▶ **Aim of the task**:
Exclude the pictures and repeat all of the data exactly.

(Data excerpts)
──────────

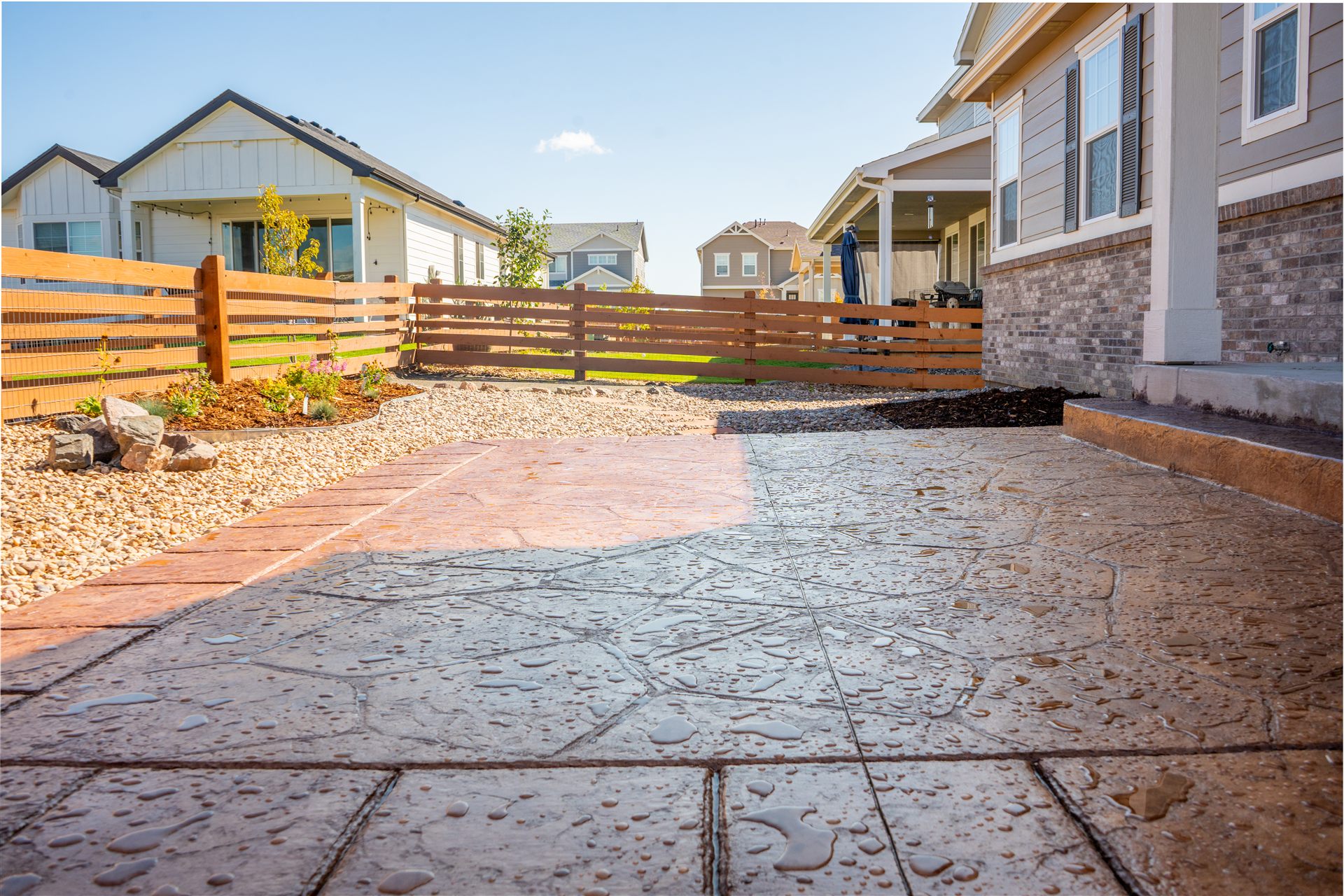 Stamped concrete patio along the side of a new home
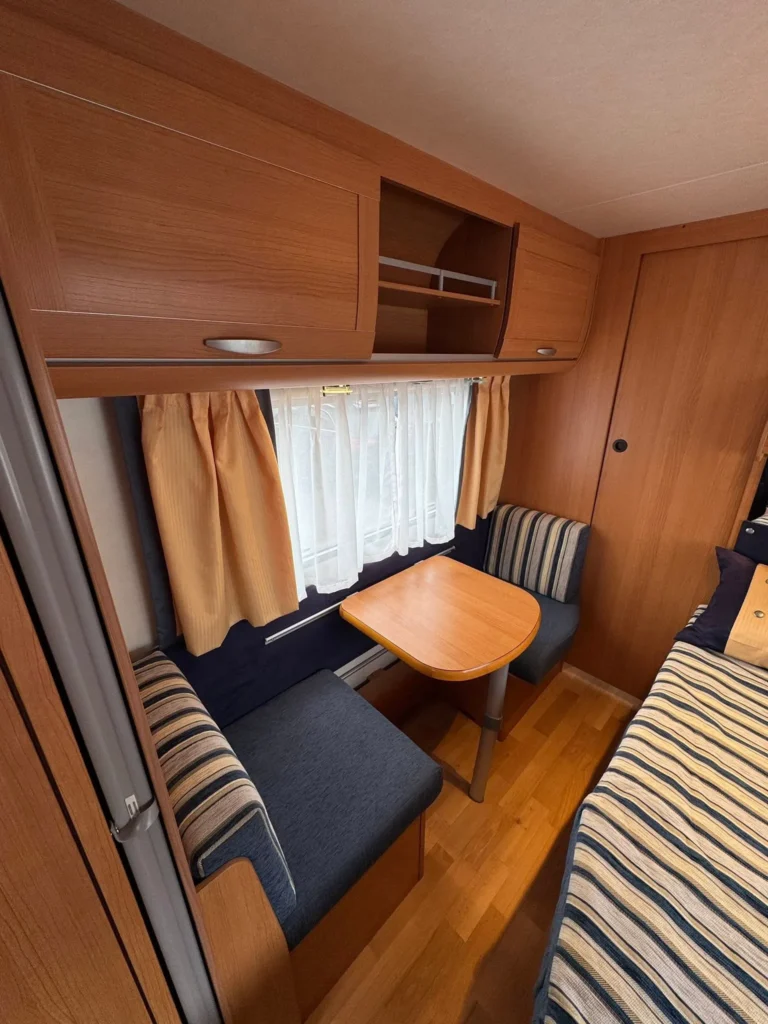 Obrázek interiéru karavanu s dřevěnými prvky, pohodlným sezením a stolem pro relaxaci. Ideální pro cestování.
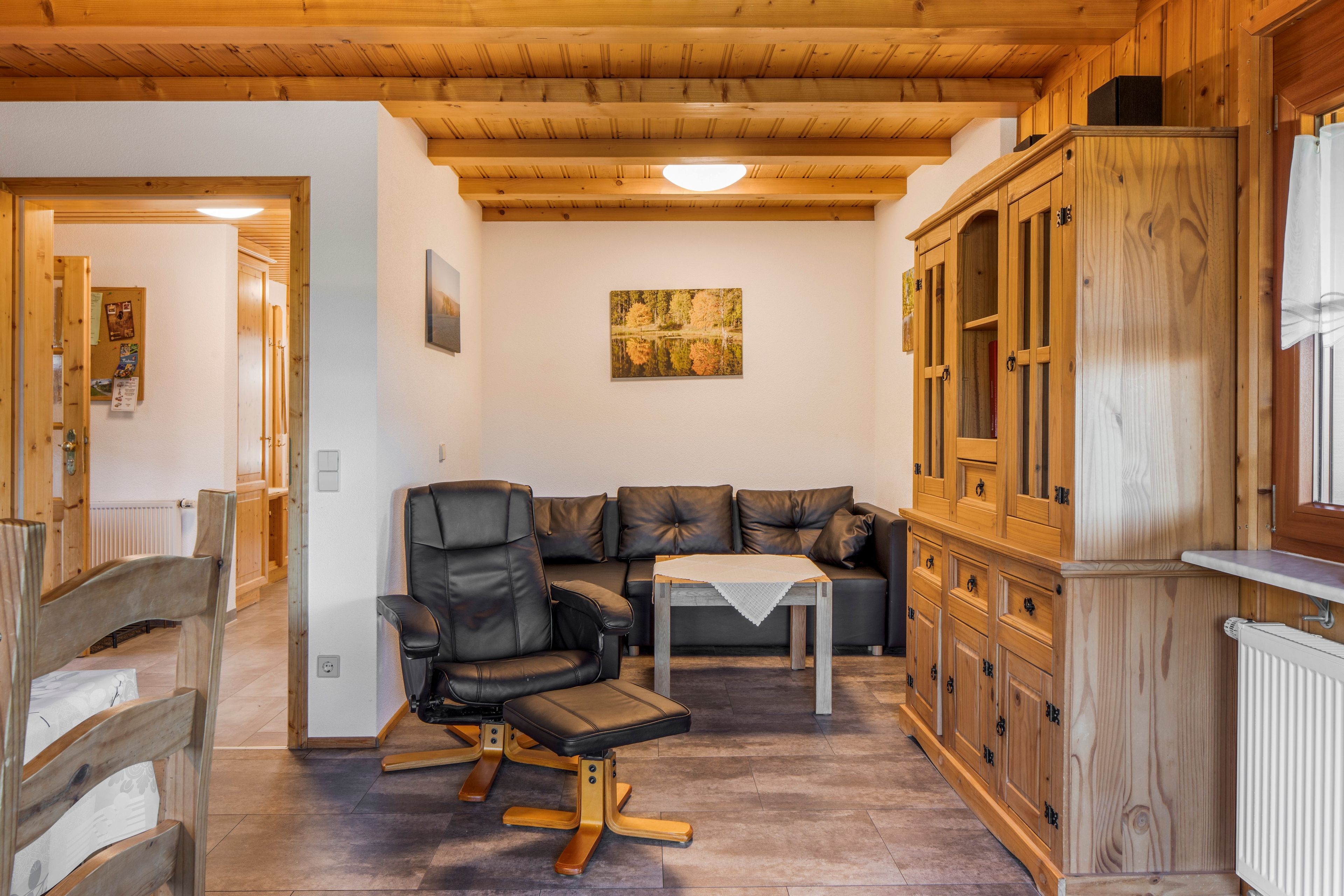 A wooden interior with a sofa, a dining table, and a cabinet.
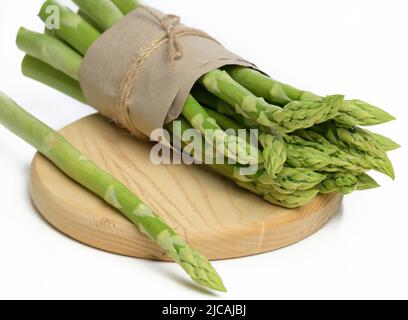 Un bouquet d'asperges fraîches enveloppées de papier brun se trouve dans une assiette en bois sur fond blanc Banque D'Images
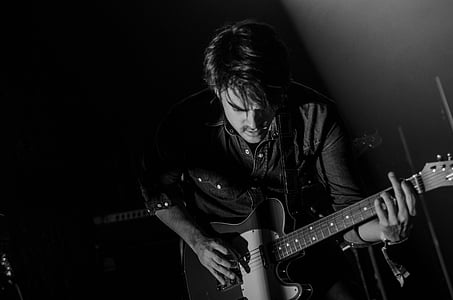 grayscale photo of man holding guitar thumbnail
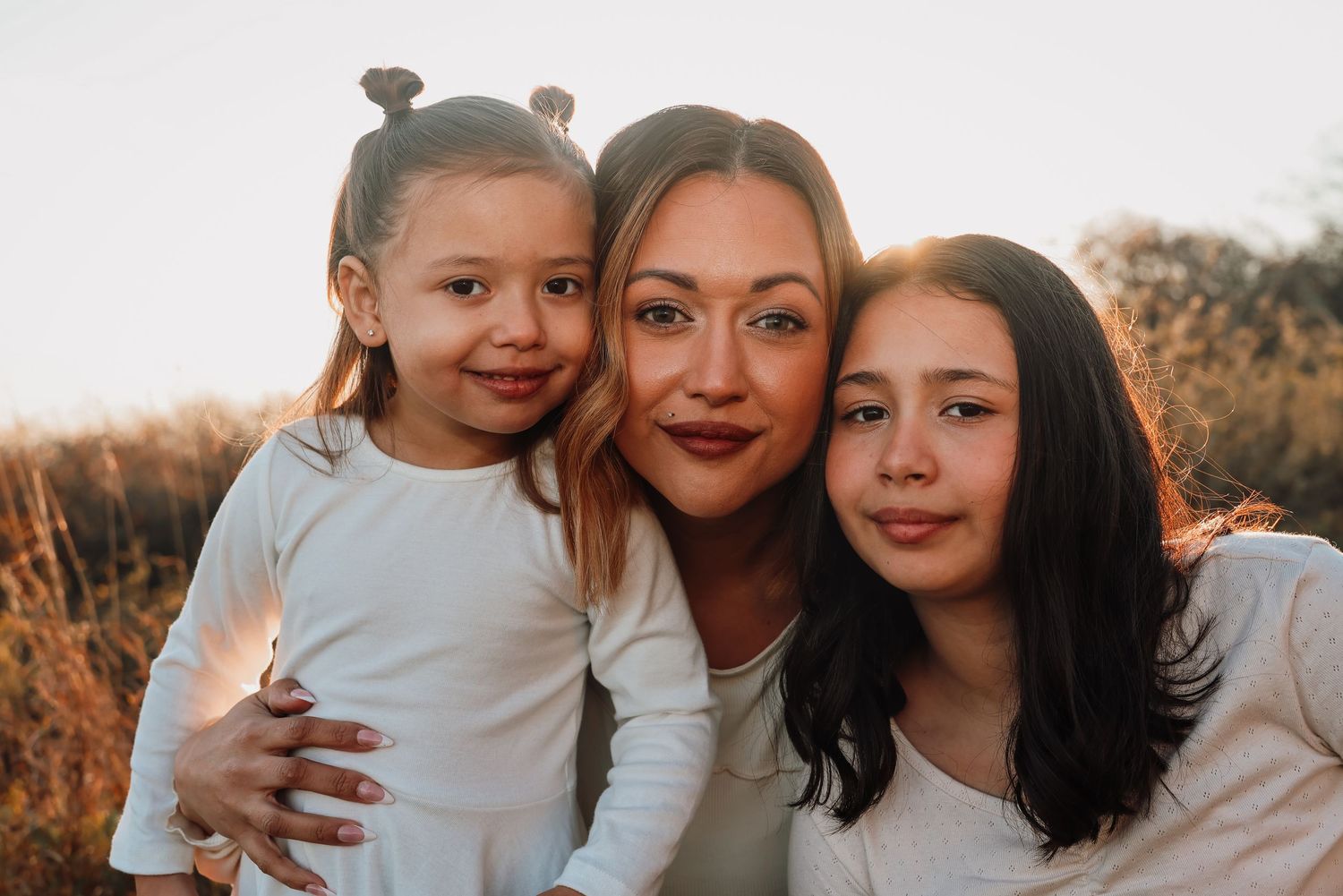 A collection of outdoor family portrait photos at sunset showing warm embraces and smiles.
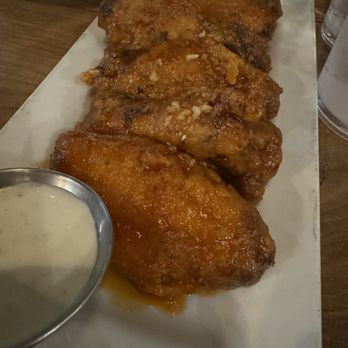 The Brick Kitchen + Lounge - Honey garlic sriracha wings - Beer Bar Near Me - Renton, Washington The Brick Kitchen + Lounge - Honey garlic sriracha wings - Beer Bar Near Me - Renton, Washington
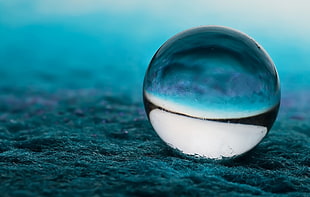clear glass ball on top of blue soil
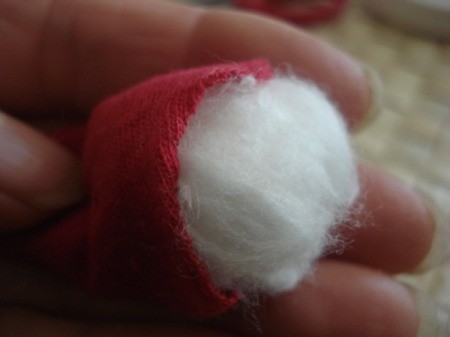 Spool Santa Ornament - closeup of cotton strip head inside the hat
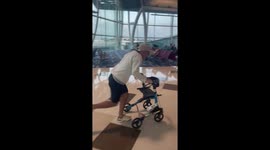 Passenger topples over while fooling around with airport stroller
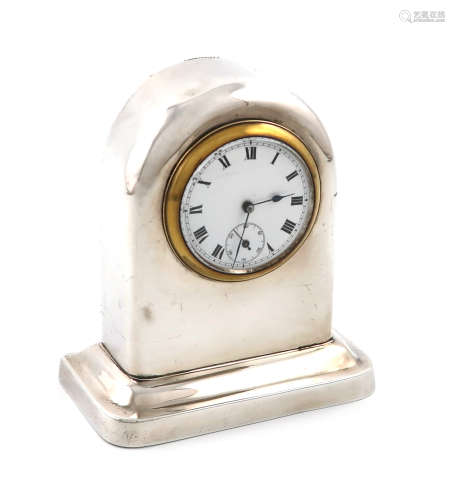 A silver clock, by James Deakin and Sons, Chester 1913, plain arched form, on a shaped rectangular
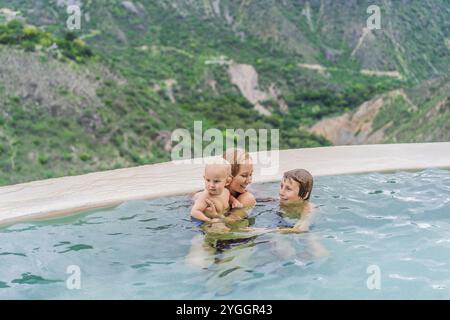 Mutter mit ihrem Kleinkind und ihren Söhnen im Teenageralter baden in den heißen Quellen von Grutas Tolantongo, Mexiko. Familienabenteuer, Entspannung und natürliches Wellness Stockfoto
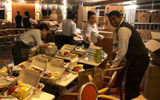 Dining staff in the Starlight dining room on the Empress of the Seas packing hurricane relief meals.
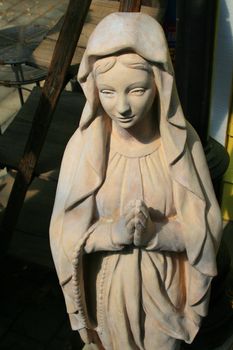 Close up of a statue of a Virgin Mary.
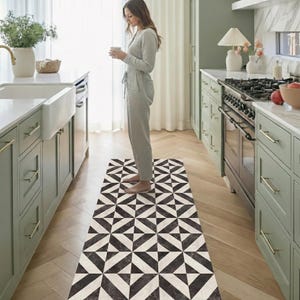 Könnte beinhalten: Eine schwarz-weiß geometrisch gemusterte Küchenmatte. Die Matte ist rechteckig und weist ein sich wiederholendes Dreieckmuster auf. Die Matte liegt auf einem Holzboden in einer Küche.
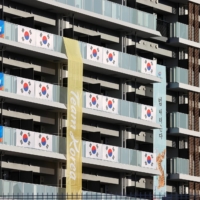 South Korean flags and signs hang on an apartment building hosting Olympics participants at the athletes' village in Tokyo on Saturday.  | REUTERS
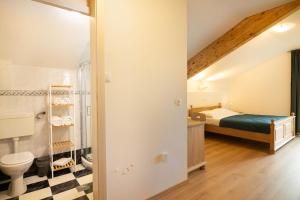 a bathroom with a bed and a toilet in a room at Green Escape garni hotel in Postojna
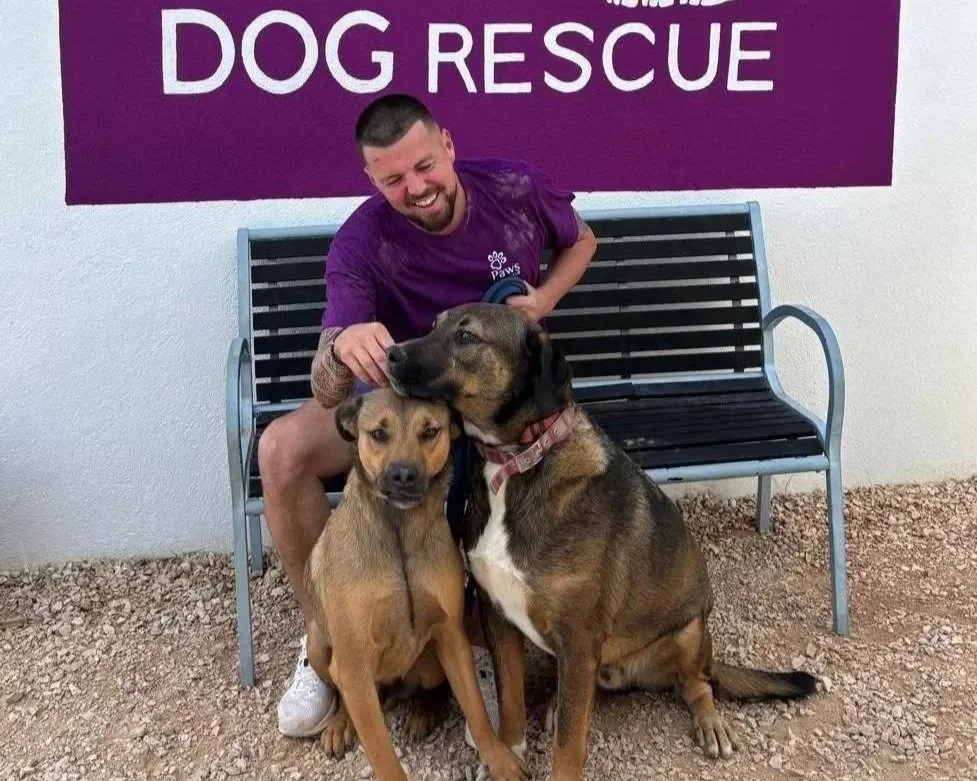 Lee Harker and two dogs, at the Paws Xaló shelter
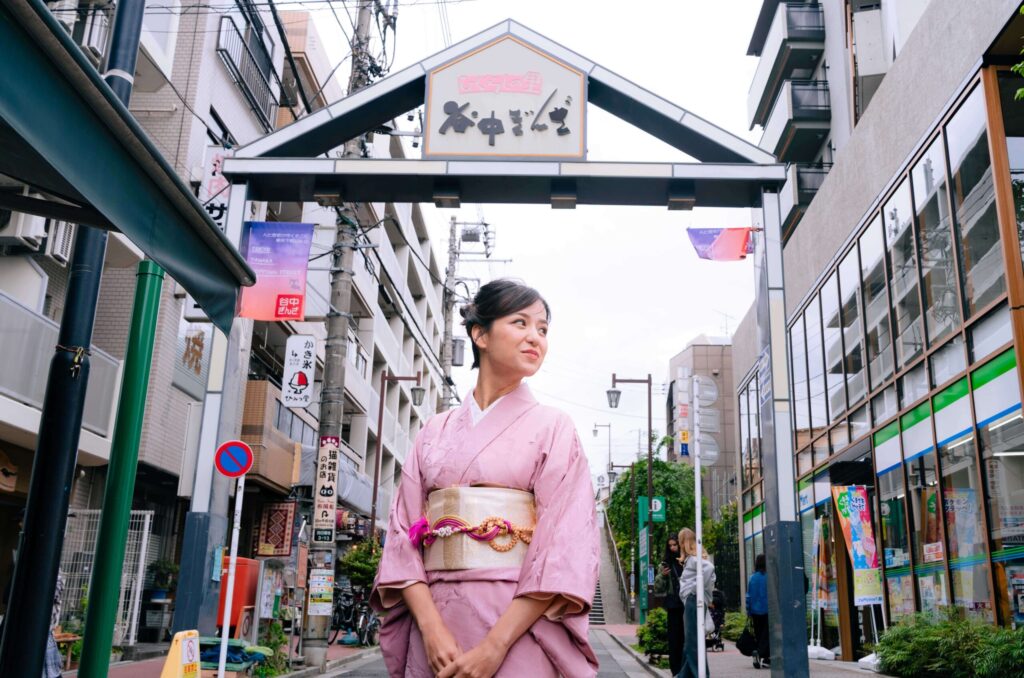 Woman in traditional kimono exploring Yanaka Ginza in Tokyo Japan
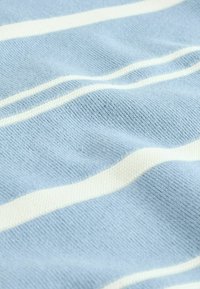 Tessuto azzurro chiaro con strisce orizzontali bianche, caratterizzato da un motivo a maglia testurizzato. Il materiale sembra morbido e leggermente elastico.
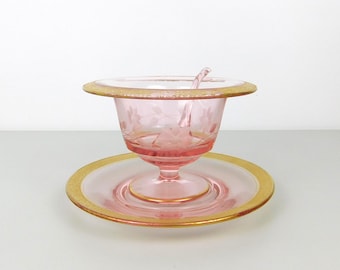 May include: A pink glass serving dish with a matching saucer and spoon. The dish and saucer have a gold rim. The dish has a pedestal base and a lid. The glass is etched with a floral design.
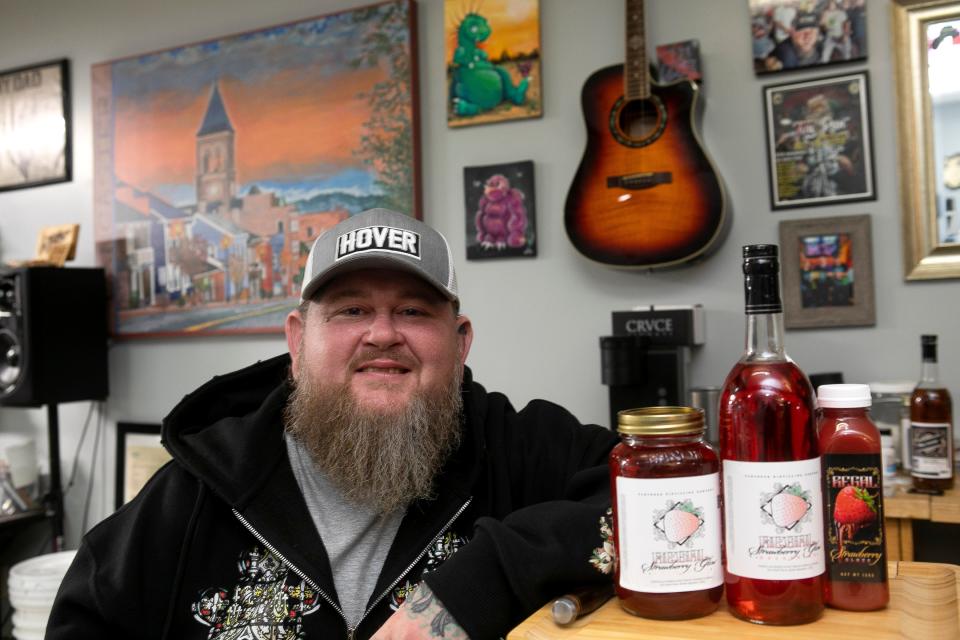 Rich Regal, owner of Modified Tattoo, sits by his new line of Regal Strawberry Glow Moonshine and Strawberry Glaze on January 11, 2024, in Lancaster, Ohio.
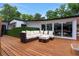 Comfortable outdoor seating area with a plush sectional sofa on a spacious wooden deck at 1700 Lake Markham Rd, Sanford, FL 32771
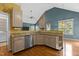 Open kitchen with granite countertops, stainless steel appliances, hardwood floors, and vaulted ceilings at 1614 E Hardscrabble Dr, Hillsborough, NC 27278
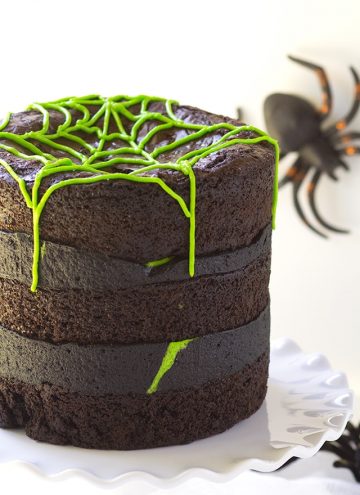 Spider Egg Brownie Cake - three layers of brownie stuffed with cadbury screme eggs (spider eggs). It's then filled with a mixture of chocolate and vanilla frosting!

──────────

▶ **Exercise response**:
 Stamped concrete patio along the side of a new home
 Obrázek interiéru karavanu s dřevěnými prvky, pohodlným sezením a stolem pro relaxaci. Ideální pro cestování.
 A wooden interior with a sofa, a dining table, and a cabinet.
 Un bouquet d'asperges fraîches enveloppées de papier brun se trouve dans une assiette en bois sur fond blanc Banque D'Images
 grayscale photo of man holding guitar thumbnail
 A collection of outdoor family portrait photos at sunset showing warm embraces and smiles.
 The Brick Kitchen + Lounge - Honey garlic sriracha wings - Beer Bar Near Me - Renton, Washington The Brick Kitchen + Lounge - Honey garlic sriracha wings - Beer Bar Near Me - Renton, Washington
clear glass ball on top of blue soil
 Spool Santa Ornament - closeup of cotton strip head inside the hat
 Passenger topples over while fooling around with airport stroller
 A silver clock, by James Deakin and Sons, Chester 1913, plain arched form, on a shaped rectangular
 Mutter mit ihrem Kleinkind und ihren Söhnen im Teenageralter baden in den heißen Quellen von Grutas Tolantongo, Mexiko. Familienabenteuer, Entspannung und natürliches Wellness Stockfoto
 Dining staff in the Starlight dining room on the Empress of the Seas packing hurricane relief meals.
 Close up of a statue of a Virgin Mary.
 Könnte beinhalten: Eine schwarz-weiß geometrisch gemusterte Küchenmatte. Die Matte ist rechteckig und weist ein sich wiederholendes Dreieckmuster auf. Die Matte liegt auf einem Holzboden in einer Küche.
 South Korean flags and signs hang on an apartment building hosting Olympics participants at the athletes' village in Tokyo on Saturday.  | REUTERS
 a bathroom with a bed and a toilet in a room at Green Escape garni hotel in Postojna
 Lee Harker and two dogs, at the Paws Xaló shelter
 Woman in traditional kimono exploring Yanaka Ginza in Tokyo Japan
 Tessuto azzurro chiaro con strisce orizzontali bianche, caratterizzato da un motivo a maglia testurizzato. Il materiale sembra morbido e leggermente elastico.
 May include: A pink glass serving dish with a matching saucer and spoon. The dish and saucer have a gold rim. The dish has a pedestal base and a lid. The glass is etched with a floral design.
 Rich Regal, owner of Modified Tattoo, sits by his new line of Regal Strawberry Glow Moonshine and Strawberry Glaze on January 11, 2024, in Lancaster, Ohio.
 Comfortable outdoor seating area with a plush sectional sofa on a spacious wooden deck at 1700 Lake Markham Rd, Sanford, FL 32771
 Open kitchen with granite countertops, stainless steel appliances, hardwood floors, and vaulted ceilings at 1614 E Hardscrabble Dr, Hillsborough, NC 27278
 Spider Egg Brownie Cake - three layers of brownie stuffed with cadbury screme eggs (spider eggs). It's then filled with a mixture of chocolate and vanilla frosting!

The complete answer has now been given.